But when I speak to friends and colleagues privately, senior members of the gay political/journalistic establishment, and just plain old gay friends around the country (and our own readers), the message I hear is far different from what I’m hearing from the groups. I’m clearly hearing three things. Well, four:
1. I feel empathy for transgendered people, and support their struggle for
2. I want ENDA to pass this year even if we can’t include transgendered
3. I don’t understand when transgendered people became part of the gay
And then there’s always #4: Please don’t tell anyone I told you this.
What I’m hearing is a message far different from what you hear from NGLTF and some of the louder activist claiming to speak for the enlightened masses. I think that a lot of gay people never truly accepted the transgender revolution that was thrust upon them. They simply sat back and shut up about their questions and concerns and doubts out of a sense of shame that it was somehow impolite to even question what was happening, and fear that if they did ask questions they’d be marked as bigots. And now, that paper-thin transgender revolution is coming home to roost.

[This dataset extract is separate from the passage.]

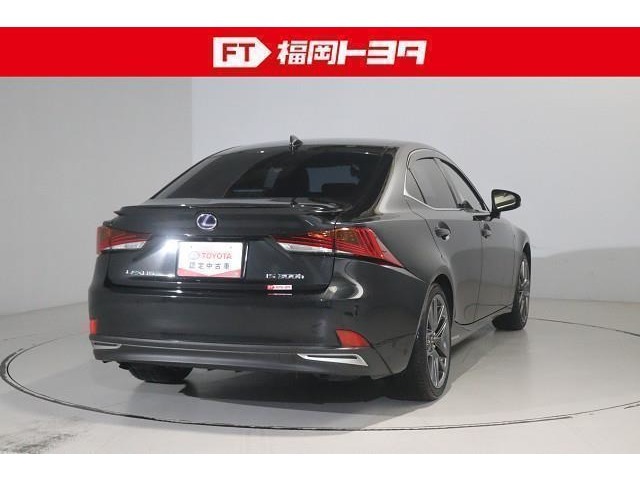 トヨタ認定中古車、評価4。キズ、へこみが少なく全体的に良好です。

In many ways, he’s right. Breaking up ENDA to make it easier to pass, which is the short-term pragmatic thing to do, would certainly be followed up on by the more hardcore people. However, many more glb people just aren’t going to immerse themselves in a battle for GENDA, even if they sympathize with transgendered people.
We have to admit the facts: there are differences between “glb” and “t,” and I’m not just talking about Hedwig and the Angry Inch. Certainly, those differences and misunderstandings prevent a lot of people who are glb from truly embracing the needs of transgendered and transsexual people. As I’ve stated a few times, the glbt movement has asked trans people to sacrifice before and didn’t follow up on it. Part of that is because we haven’t been as successful with glb rights as we’d like – and the movement’s been busy. Yet, no one can really deny that trans rights have been slowed at times because of “glb” indifference, at least by some people and organizations.
Given all the transgendered people I’ve been close to in the past, I’d like to say I’m not ‘some of those people,’ but knowing everything I know I’ve still advocated for pragmatic solutions, at least during the Bush Administration. I may be willing to work hard for a GENDA too, but I know there’s hundreds of thousands of gay and bisexual people that won’t. I know that if ENDA would pass, it’s very unlikely for GENDA to follow it for at least 2-3 years, if not a decade. So, given that, am I still urging for the pragmatic solution?
Maybe, maybe not. It’s tough to say to millions of gay people that they should suffer too, all because the American people have an even more ignorant attitude toward transgendered people than they do gays and lesbians. Haven’t gay people already suffered enough? Then again, if glb people don’t embrace the transgendered community, who will?
I don’t know what’s the right solution in the long term battle. I don’t know how successful current glbt advocates can be in the future on transgendered rights if we don’t completely link our fates with the trans community now. It’s just too damn hard to predict. Will continuous progress eventually mean continual transgendered progress, as I’d like to think? Unfortunately, blogger.com doesn’t come equipped with a crystal ball. More importantly, the decision isn’t up to me, bloggers, writers or even the major players at HRC and other organizations. As Avarosis illustrates, it’ll come from whatever argument compels at least a majority of glb people.
However, I’ve been right all along in saying there’s a schism in the glbt community; that people are looking out for their own interests – and, sadly, are quite willing to tear down our supposed allies in order to protect self interests. Should we expect anything more from human beings? Well, history says it’s quite possible, but only under certain conditions. John Avarosis makes the great point that no revolution will be successful unless it’s embraced by the people within it. Has the gay community – as a whole – truly accepted the transgendered community as a part of the same struggle? Not according to Avarosis.
If the GLBT movement is going to succeed as a wide-spread movement, instead of splintering apart, it’s clear that GLB and T people need to have a meeting of the minds – before we can ever address the differences between when something’s pragmatic and when it’s downright selfish. Unfortunately, that’s a very slow, grassroots process. In this current climate of tearing each other apart, do we have the patience to go through it?